= Beginning of Section =

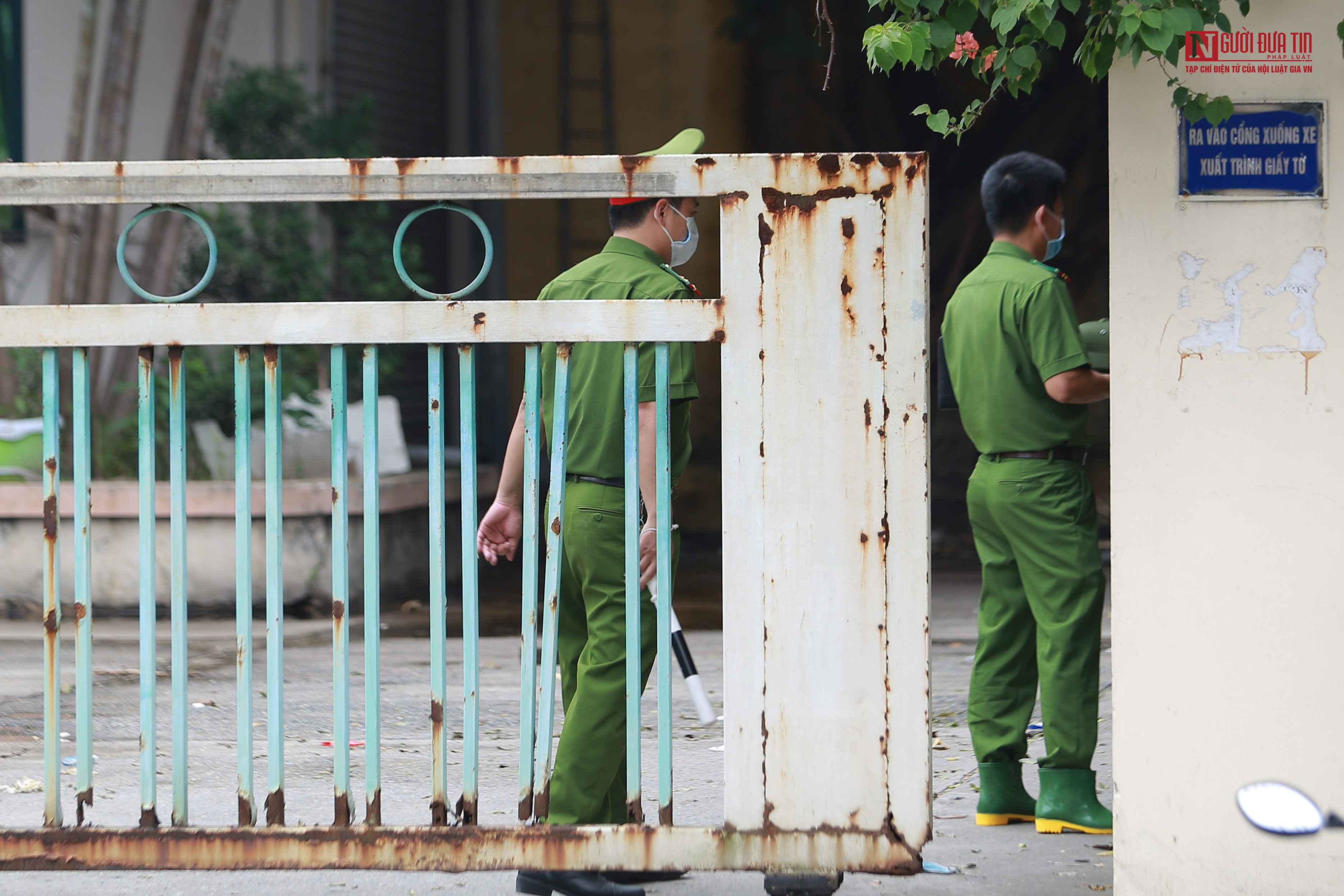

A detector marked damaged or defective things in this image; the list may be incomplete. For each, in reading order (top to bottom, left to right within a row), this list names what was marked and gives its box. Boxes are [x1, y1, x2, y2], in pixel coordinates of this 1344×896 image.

rust stain on metal [763, 185, 855, 215]
rusty white metal gate [0, 154, 930, 876]
rusty gate frame [0, 156, 930, 876]
rust stain on metal [263, 790, 285, 827]
rust stain on metal [366, 790, 381, 827]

= End of Section =

| EXERCISE GOAL |
With the pictures stripped out, return each record word for word.

| EXERCISE RESULT |
A detector marked damaged or defective things in this image; the list may be incomplete. For each, in reading order (top to bottom, left to right within a row), this list names what was marked and gives its box. Boxes are [x1, y1, x2, y2], in pixel coordinates of this 1344×896 image.

rust stain on metal [763, 185, 855, 215]
rusty white metal gate [0, 154, 930, 876]
rusty gate frame [0, 156, 930, 876]
rust stain on metal [263, 790, 285, 827]
rust stain on metal [366, 790, 381, 827]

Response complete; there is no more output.